Tussenresultaten in het onderwijsproces
De tussentijdse resultaten geven ons een beeld van de kwaliteit van ons onderwijs. Op schoolniveau worden de onderwijsopbrengsten inzichtelijk gemaakt d.m.v. observaties, toetsen van de methode, toetsen IEP, het Digikeuzebord, Snappet en Doorstroomtoets. Op basis van data wordt een (trend) analyse gemaakt en nieuwe doelen geformuleerd. Dit cyclisch proces van Data - Duiden - Doelen - Doen wordt gedurende het schooljaar meerdere malen doorlopen. Op deze manier hebben we leerlingen goed in beeld en door een uitgebreide analyse van domeinen binnen de verschillende vakgebieden kan instructie worden gegeven die aansluit bij de onderwijsbehoefte.
Op groeps- en leerlingniveau plant de leerkracht het onderwijs rondom de leerdoelen. We werken met met de kleine-middelgrote-en grote zorgcyclus. In de zorgcyclus beschrijft de leerkracht met welke leerlingen ze aan (de extra) doelen werken en of de doelen beheerst worden. Daarnaast werken we met een groepsoverzicht waarin de vaardigheidsscore, de leerstofdoelbeheersing en de mate van betrokkenheid vastgelegd wordt. De onderwijsplannen worden zo nodig bijgesteld.
Doubleren en versnellen
Het onderwijs wordt zodanig ingericht dat de leerlingen een ononderbroken ontwikkelingsproces kunnen doorlopen. Het wordt afgestemd op de voortgang in de ontwikkeling van de leerlingen. De inspectie ziet er op toe dat scholen deze ononderbroken ontwikkeling voor leerlingen realiseren. Daarbij hoort ook dat de school, vanaf het moment dat het kind op school komt, de ontwikkeling goed volgt. De meeste leerlingen zullen met het aangeboden onderwijsaanbod in 8 jaar tijd de basisschool doorlopen. Voor sommige leerlingen is het nodig dat de school extra ondersteuning aanbiedt en in een enkel geval kan het voor een leerling nodig zijn om te doubleren of te versnellen. Doubleren of versnellen gebeurt alleen wanneer dit noodzakelijk is en om beter aan te kunnen sluiten bij de onderwijsbehoefte van een leerling. Een beslissing hierover gebeurt altijd tijdig en in samenspraak met de ouders.
Advies basisschool naar Voortgezet Onderwijs
De advisering van de basisschool is van wezenlijk belang, omdat wij los van de vorderingen van uw kind ook het totale functioneren van de leerling onderkennen. Aspecten als capaciteiten, doorzettingsvermogen, inzet, motivatie en interesse komen hierbij naar voren.

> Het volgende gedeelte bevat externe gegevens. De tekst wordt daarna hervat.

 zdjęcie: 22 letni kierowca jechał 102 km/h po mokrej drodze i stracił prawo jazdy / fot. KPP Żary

Een schooladvies wordt gebaseerd op gegevens over een langere termijn. We zoeken hierin de constante waarden op. Advies voor niveau van voortgezet onderwijs komt tot stand door:
- ontwikkelingslijnen van de leerling in het LVS IEP;
- leerplezier van het kind (gemeten middels de Drempeltest groep 8);
- verwachtingen van ouders, groepsleerkrachten en IB-er;
- eventuele extra testen en onderzoekendoorstroomtoets IEP.De adviescommissie bestaat uit; de leerkrachten van groep 6 en 7 en de IB-er. Zij stellen samen het voorlopig advies op. In de maand februari ontvangen de leerlingen van groep 7 en ouder(s)/verzorger(s) het voorlopig advies. We adviseren ouders en leerlingen om tijdig te gaan kennismaken met de voortgezet onderwijsscholen.

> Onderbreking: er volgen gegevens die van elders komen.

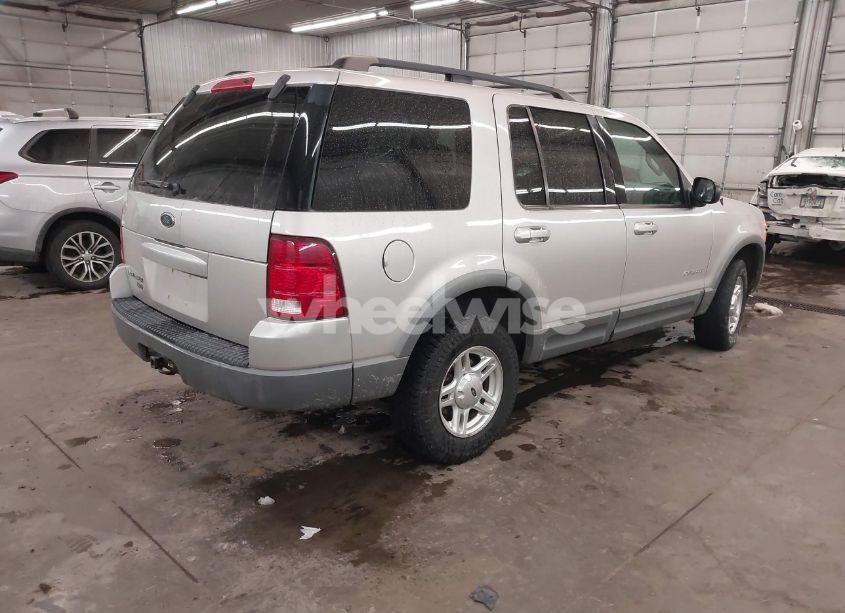 Photo 4 of 2002 Ford Explorer XLT (VIN 1FMZU73E42UC44558)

De adviesgesprekken in groep 8 vinden plaats in januari van het schooljaar. Begin februari maken alle leerlingen de Doorstroomtoets en begin maart volgt hiervan de uitslag. Indien de uitslag hoger is dan het schooladvies, wordt het advies bijgesteld. Indien de school een bijstelling niet in het belang van de leerling vindt, wordt het advies niet bijgesteld. Dit wordt altijd onderbouwd.
Half maart wordt het schooladvies schriftelijk vermeld op de adviesverklaring en in het digitale rapport. U krijgt een schriftelijke weergave van het advies mee en een uitdraai van het onderwijskundig rapport.
In groep 8 krijgt elke leerling van de basisschool een advies voor het voortgezet onderwijs dat past bij het niveau van deze leerling. De leerling stroomt vervolgens door naar het voortgezet onderwijs. In het derde jaar wordt gekeken welk niveau de leerling werkelijk heeft vergeleken met het niveau van het schooladvies. Dit wordt vertaald naar drie categorieën: boven, op en onder advies. Bijvoorbeeld: een leerling met schooladvies vmbo-b die in het derde jaar op het vmbo-k zit, zit boven advies. En een leerling met schooladvies havo/vwo die in het derde jaar op het havo zit, zit op advies. Wanneer deze leerling in het derde schooljaar op het vwo zit, zit hij/zij boven advies.
Basisschool Meerdijk richt zich op de socialisatiefunctie van ons onderwijs. Ons onderwijs bereidt leerlingen voor op deelname aan de samenleving door hen het leerproces te laten doorlopen dat gericht is op het aangaan van een diepe verbinding met zichzelf, de ander en de omgeving vanuit zoveel mogelijk perspectieven. Dit gaat hand in hand met de persoonsvorming of subjectivering dat betrekking heeft op de ontwikkeling van de eigen identiteit en uniciteit: wie ben ik, wat kan ik en wie wil ik zijn (in relatie tot de sociale groep waar ik deel van uitmaak, maar waar ik me ook van onderscheid).
De basisschoolperiode is een heel belangrijke en bepalende periode in het leven van een kind. Omdat we met elkaar vinden dat alle kinderen recht hebben op goed onderwijs, heeft de overheid de taak de kwaliteit van het onderwijs te waarborgen en te stimuleren. De Inspectie van het Onderwijs kijkt jaarlijks naar elke school. Op basis van deze jaarlijkse prestatieanalyse en eventueel verder onderzoek bepalen we of er nader toezicht nodig is en hoe dit er vervolgens uit zal zien.
De Inspectie van het Onderwijs onderzoekt minimaal één keer in de vier jaar het bestuur van een school. De inspectie kijkt dan of de kwaliteitszorg, de onderwijskwaliteit en de financiële zaken bij het schoolbestuur op orde zijn. Daarnaast bezoekt de inspectie een aantal scholen die bij het schoolbestuur horen en onderzoekt deze scholen nader. De gegevens van het laatste onderzoek van de inspectie zijn beschikbaar op de website van de onderwijsinspectie.